Disguise — formerly d3 Technologies — makes media servers. The GX 2c is their mid-range touring workhorse. It has been inside more stadium tours, arena shows and broadcast events than any other single product in the professional AV world. Understanding what it does and why it exists changes how you think about the entire category of “live video”.
What it actually is
The GX 2c is a 2U rackmount server running Disguise Designer software on a custom hardware platform. Two DVI/HDMI outputs per unit — hence the “2c” (two channels). It is designed to be used in pairs: a primary and a backup, locked together over a dedicated 10GbE link, with automatic failover in under a frame. It costs roughly €25,000 new per unit, meaning a redundant touring pair is a €50,000 investment before you add the server rack, cabling, and peripherals.
It is not for beginners. It is not trying to be.
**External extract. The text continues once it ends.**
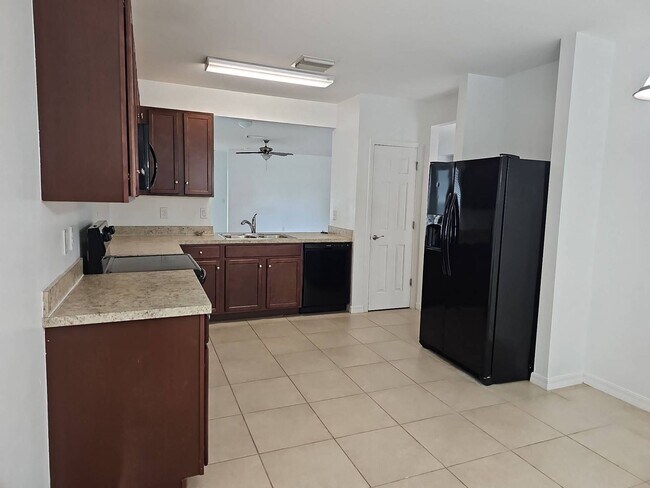 Building Photo - Nice 3 bed 2 bath 2 car garage single family home in Cape Coral with lawn care included.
It is a professional tool for professional productions where the cost of a 30-second failure during a sold-out show is measured in tens of thousands of euros in brand damage, not just a bad memory.
The key differentiator: the timeline
Resolume is a live instrument. You play it. Disguise is a show controller. You programme it. The core of Disguise Designer is a frame-accurate timeline — a complete script of everything that happens during a show, from the first second of the intro video to the final blackout of the encore. Every video cue, every brightness change, every LED processor command, every DMX trigger: locked to timecode and reproducible perfectly every single night of a 200-date world tour.
This distinction matters more than it first appears. A timeline-based show can be rehearsed in pre-production without a stage. Every person on the production — lighting designer, audio engineer, director, artist — can reference the same document and know exactly what the show looks like at any given moment. Changes are tracked, versioned, and distributed. On show day, the operator’s job is primarily to ensure the system is healthy, the timecode is locked, and the show runs as designed. There is relatively little real-time decision-making.
Redundancy by design
A single GX 2c can run a show. On a real tour you run two, locked together in a Primary/Backup configuration over a dedicated 10GbE link. Both machines are running the show simultaneously. The Primary’s output goes to the displays. The Backup’s output goes to a hot-spare input on the video switching system. If the Primary fails — power loss, software crash, hardware fault — the Backup takes over in under a frame. The audience sees nothing. The tour does not stop.
This architecture is not unique to Disguise but Disguise has made it more accessible and more reliable than any competitor at their price point. The Backup is not a cold spare that needs to be configured after a failure — it is a live mirror that is ready to take over at any moment, automatically, without operator intervention. This is what “production-grade” actually means, as opposed to “this has been working for six months so it should be fine”.
3D mapping and pre-visualisation
Disguise Designer includes a full 3D pre-visualisation environment. You build a virtual model of the stage — LED walls, screens, projection surfaces, anything — and the software renders your show in 3D before you ever get to the venue. Content is mapped to surfaces in 3D space, not just stretched to fill a rectangle. This means a curved LED wall, an irregular geometric screen, a floor LED surface, and a front-projection screen can all be driven from a single Disguise machine with the geometry handled in software.
The pre-vis workflow also means that a production designer can sign off on the visual look of a show months before the tour starts, using nothing more than Disguise and a good 3D model. Changes that would require a full tech rehearsal on a real stage can be made and reviewed at a desk. This has compressed production timelines enormously for large-scale tours.
Who should learn it
Anyone who wants to work on touring productions, broadcast events, or large-scale permanent installations. The skill set is different from Resolume: more pre-production, more collaboration with lighting and show control teams, less real-time improvisation. The role is closer to a film editor or a systems engineer than a DJ or a live performer.
But the jobs it opens are a different tier entirely. A touring Disguise operator on a major artist’s world tour earns significantly more than a club VJ, works on productions with budgets that can support proper pre-production time, and builds a body of work that transfers across the industry. The skills are also increasingly relevant to broadcast — live TV, award shows, and major broadcast events have converged almost completely with touring production technology over the last ten years.
The GX 2c is not the right tool for a club night. It is the right tool for everything that comes after — and learning it changes the ceiling on what you can do.